Le 20  mars, les Toukans et l’UTG éclairage décident de fermer le rond point du Centre spatial guyanais afin de se faire entendre. 
Le tir Ariane, prévu initialement, est reporté. Un mouvement qui fait boule de neige : les transporteurs bloquent le Port de Dégrad des Cannes, les agriculteurs font le siège de l’Agence de service et de paiement de Baduel, Saint Laurent le chef lieu de l’ouest et Mana sont paralysés à leur tour.
A Kourou, une manifestation emmenée par quelques élus se produit sur la route menant au Centre Spatial, les forces de l’ordre font usage de gaz lacrymogène. Les élus et les manifestants sont gazés.
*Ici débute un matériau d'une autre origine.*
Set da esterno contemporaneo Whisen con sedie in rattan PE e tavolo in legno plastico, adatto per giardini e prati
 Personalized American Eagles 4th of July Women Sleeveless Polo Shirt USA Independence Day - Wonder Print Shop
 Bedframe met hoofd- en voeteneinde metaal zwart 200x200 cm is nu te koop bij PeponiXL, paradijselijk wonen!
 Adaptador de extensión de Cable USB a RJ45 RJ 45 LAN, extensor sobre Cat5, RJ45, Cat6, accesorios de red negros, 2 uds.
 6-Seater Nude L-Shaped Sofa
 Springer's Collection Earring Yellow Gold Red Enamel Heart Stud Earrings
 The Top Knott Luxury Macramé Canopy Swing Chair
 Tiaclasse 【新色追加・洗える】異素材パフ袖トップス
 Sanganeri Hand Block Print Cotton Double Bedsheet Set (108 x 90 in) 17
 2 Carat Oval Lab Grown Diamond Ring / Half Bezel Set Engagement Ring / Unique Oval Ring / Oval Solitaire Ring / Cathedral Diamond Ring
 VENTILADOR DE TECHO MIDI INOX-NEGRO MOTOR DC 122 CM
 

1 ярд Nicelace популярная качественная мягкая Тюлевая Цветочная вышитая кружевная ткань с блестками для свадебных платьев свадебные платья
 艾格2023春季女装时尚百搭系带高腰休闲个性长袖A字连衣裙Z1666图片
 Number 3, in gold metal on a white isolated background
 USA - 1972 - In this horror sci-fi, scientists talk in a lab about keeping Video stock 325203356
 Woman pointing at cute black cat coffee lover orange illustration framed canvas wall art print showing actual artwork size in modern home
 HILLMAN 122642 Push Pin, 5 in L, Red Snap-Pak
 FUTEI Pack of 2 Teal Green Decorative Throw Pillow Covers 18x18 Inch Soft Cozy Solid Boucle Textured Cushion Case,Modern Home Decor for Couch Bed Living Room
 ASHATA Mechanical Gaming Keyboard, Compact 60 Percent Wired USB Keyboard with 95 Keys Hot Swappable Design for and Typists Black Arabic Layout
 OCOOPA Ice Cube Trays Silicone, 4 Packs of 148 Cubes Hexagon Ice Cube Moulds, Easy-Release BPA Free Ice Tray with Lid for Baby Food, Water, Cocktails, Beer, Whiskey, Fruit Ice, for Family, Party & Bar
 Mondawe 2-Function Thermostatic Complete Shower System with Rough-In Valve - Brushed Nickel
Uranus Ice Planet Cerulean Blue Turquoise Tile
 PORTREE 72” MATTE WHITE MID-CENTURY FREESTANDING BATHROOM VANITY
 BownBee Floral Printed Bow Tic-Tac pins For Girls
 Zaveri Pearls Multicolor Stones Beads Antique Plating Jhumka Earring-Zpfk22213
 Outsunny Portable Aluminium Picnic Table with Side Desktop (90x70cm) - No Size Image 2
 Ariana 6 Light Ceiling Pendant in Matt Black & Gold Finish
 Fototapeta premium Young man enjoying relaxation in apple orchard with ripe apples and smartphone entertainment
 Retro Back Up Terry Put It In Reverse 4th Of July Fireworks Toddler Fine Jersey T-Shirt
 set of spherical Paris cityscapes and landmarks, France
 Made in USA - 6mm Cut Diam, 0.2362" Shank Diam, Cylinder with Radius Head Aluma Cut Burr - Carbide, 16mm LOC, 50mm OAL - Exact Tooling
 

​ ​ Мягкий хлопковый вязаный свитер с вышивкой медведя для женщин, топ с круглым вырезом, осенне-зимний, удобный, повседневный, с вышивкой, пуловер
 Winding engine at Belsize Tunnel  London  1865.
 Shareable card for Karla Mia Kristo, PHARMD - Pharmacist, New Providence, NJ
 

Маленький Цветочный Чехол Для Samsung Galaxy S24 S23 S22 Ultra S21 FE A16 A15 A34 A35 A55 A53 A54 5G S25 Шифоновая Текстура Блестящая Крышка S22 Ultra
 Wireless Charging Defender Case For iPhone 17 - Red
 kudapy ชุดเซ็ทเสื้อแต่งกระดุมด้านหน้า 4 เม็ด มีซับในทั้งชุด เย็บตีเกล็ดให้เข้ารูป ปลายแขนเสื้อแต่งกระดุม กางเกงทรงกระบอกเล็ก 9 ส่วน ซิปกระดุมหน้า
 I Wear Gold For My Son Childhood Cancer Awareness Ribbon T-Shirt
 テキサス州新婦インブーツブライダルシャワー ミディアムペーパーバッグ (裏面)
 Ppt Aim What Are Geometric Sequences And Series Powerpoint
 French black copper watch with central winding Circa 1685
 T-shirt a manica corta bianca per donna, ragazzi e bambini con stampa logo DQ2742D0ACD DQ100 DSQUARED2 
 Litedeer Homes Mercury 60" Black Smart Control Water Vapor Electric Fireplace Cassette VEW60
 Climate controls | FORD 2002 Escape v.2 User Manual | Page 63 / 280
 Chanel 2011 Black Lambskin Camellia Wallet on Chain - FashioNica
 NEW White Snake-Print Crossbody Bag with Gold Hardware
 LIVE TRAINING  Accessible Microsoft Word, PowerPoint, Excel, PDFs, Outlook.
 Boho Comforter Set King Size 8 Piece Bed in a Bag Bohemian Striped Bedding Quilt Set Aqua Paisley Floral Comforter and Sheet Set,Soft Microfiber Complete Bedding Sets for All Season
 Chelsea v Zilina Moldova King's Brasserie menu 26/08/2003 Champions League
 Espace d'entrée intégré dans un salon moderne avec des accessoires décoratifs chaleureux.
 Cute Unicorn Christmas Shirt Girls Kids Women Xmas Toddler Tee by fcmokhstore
Un geste unanimement condamné, la population est en émoi.

Le mouvement s’étend


Deux jours après, les principales portes de la ville sont bloquées par les collectifs constitués par la population. La circulation est interdite de fait, en dehors de l'île de Cayenne. Les revendications restent les mêmes : la venue  en Guyane des différents Ministres du Gouvernement.
La Guyane s’enflamme et exprime ses doléances : santé, insécurité, social, économie …Un malaise persistant, général qui le temps des mois de mars et avril aura enfin trouvé un exutoire.

Bilan amer 


Un an après, le bilan est mitigé. Le Kolektif Pou Lagwiyann Dékolé s’est divisé. Les 500 frères se sont sclérosés. Deux associations sont nées de cette scission : les 500 frères emmenés par Olivier Goudet  et les Grands frères par Mickaël Mancé et José Achille.
Le gouvernement d’Emmanuel Macron soutient aujourd’hui que les principales revendications recensées à l’époque, seront satisfaites.
Cependant ce mouvement laisse un goût amer. La belle unité, s’est transformée au fur et à mesure, en divisions et querelles jetant l’opprobre sur un mouvement dont les revendications restent légitimes. La Guyane, terre de contrastes et d'inégalités n’aura jamais aussi bien porté son nom.